The volumes were both scientifically informative and beautiful works of art. Gould often began the process of illustration with rough field sketches that he passed on to his wife and other artist employees. They added color and detail. Many of their drawings and watercolors in KU’s collection bear Gould’s handwritten notes indicating necessary changes to the proportions, positions and coloring of the birds.
“At the time lithographic color printing was still in its infancy,” said Karen Severud Cook, special collections librarian at KU. “So all of his published illustrations were colored by hand.”
The expense of the deluxe volumes limited their affordability to wealthy collectors and well-funded museums and libraries. Eventually reduced copies of the images were published in smaller volumes that were more affordable for the wider public.
In his career Gould illustrated birds of the Himalayas, Australia, New Guinea, Asia, Europe and Great Britain and also published volumes about various families of birds. His only work on North American birds was about partridges, but following his death his work became more popular with Americans. Gould first saw hummingbirds, not native to England, in America and his six volumes about hummingbirds influenced the "hummingbird craze" in mid-19th century England.
Gould’s work was also widely known and respected by scientists of the time. After returning from the voyage of the H.M.S. Beagle in 1836 Charles Darwin presented 450 bird specimens to the Museum of the London Zoological Society.
“So who helped him to describe those birds? It was John Gould,” Cook said. “Darwin published five volumes on his findings from the H.M.S. Beagle and Gould authored the volume about birds, including the finches from the Galapagos Islands.”
The Gould collection made its way to KU thanks to a dedicated collector with Kansas connections. Ralph Ellis was born in 1908 and showed an interest in birds since childhood. That interest grew into an obsession to collect books on birds as he grew older. An aspiring ornithologist, Ellis collected more than 65,000 books and items about birds, including the original works of John Gould, which he acquired in England in 1936 and 1937.
Ellis knew E. Raymond Hall, who became director of KU’s Natural History Museum in 1944. Hall arranged for a meeting between Ellis and then-chancellor Franklin Murphy. Murphy was sufficiently impressed by the collection and saw the value in housing Gould’s work, even though there was not a library dedicated to such works at the university at the time. In 1945 Ellis was moving his collection, which filled two railway freight cars, cross-country when accepted Hall’s invitation to come to Lawrence. Six months later Ellis died of pneumonia and bequeathed the collection to KU.
Since then, scientists, educators, students, artists and bird enthusiasts have come to see and study the John Gould Ornithological Collection.
“There isn’t one specific group these images appeal to the most,” Cook said. “We’ve had ornithologists, art classes and even people on their way to birding events who have stopped here to see the originals.”

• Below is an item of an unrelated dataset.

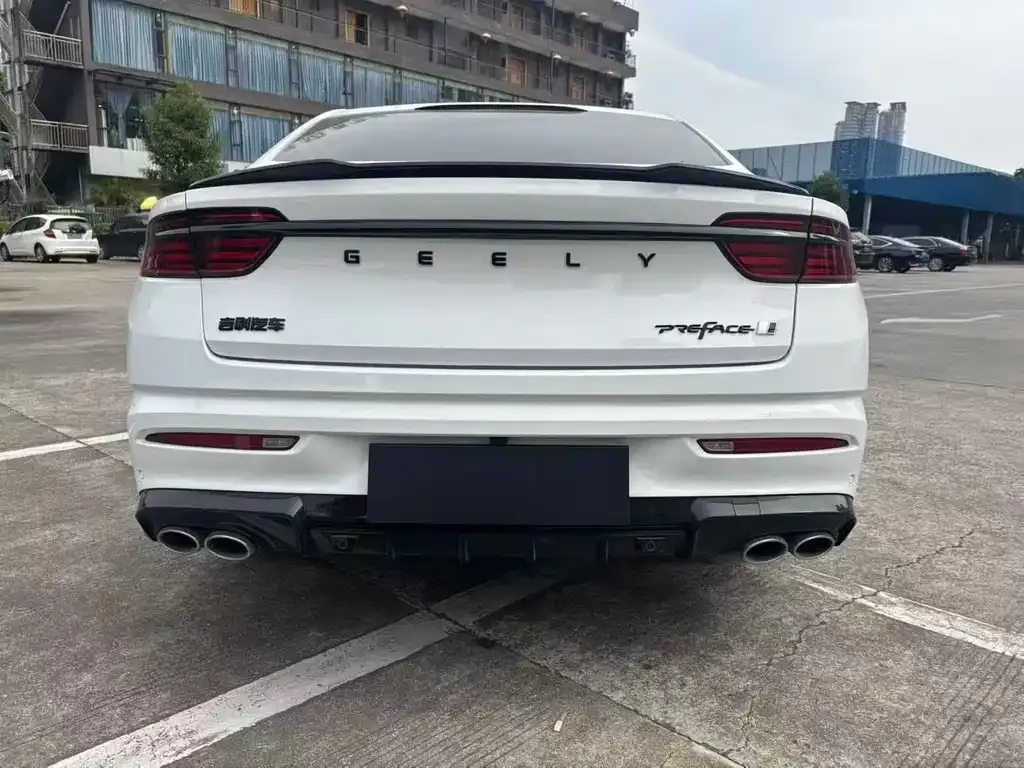 Geely Xingrui — фото 9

However, other potential visitors haven’t been able to travel to Kansas to see the works in person or have not even known of their existence.
The NEH grant has allowed KU Libraries to digitize, catalog and preserve the thousands of images and make them available to anyone with an Internet connection. Available online, the collection can be searched by volume, by artist who worked with Gould, by species and more. Viewers can also view the images in digital book form and zoom in to enhance the detail and study the composition of the works.

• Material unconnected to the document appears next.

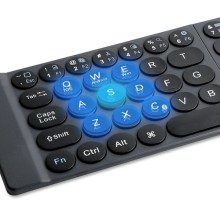 Клавіатура WIWU Fold Mini Keyboard FMK-01 – Чорний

KU Libraries will host an event from 5:30 to 7 p.m. Thursday, Sept. 11, at Spencer Research Library to introduce the digitized collection to the public and share information on the creation of the original images as well as their digitization and preservation.
“This was one of the foundation collections of Spencer Research Library and is a wealth of information and excellent images,” Cook said. “It really needed the digital age, though, to complete its processing and present it in digital format, allowing anyone who wishes to view it online.”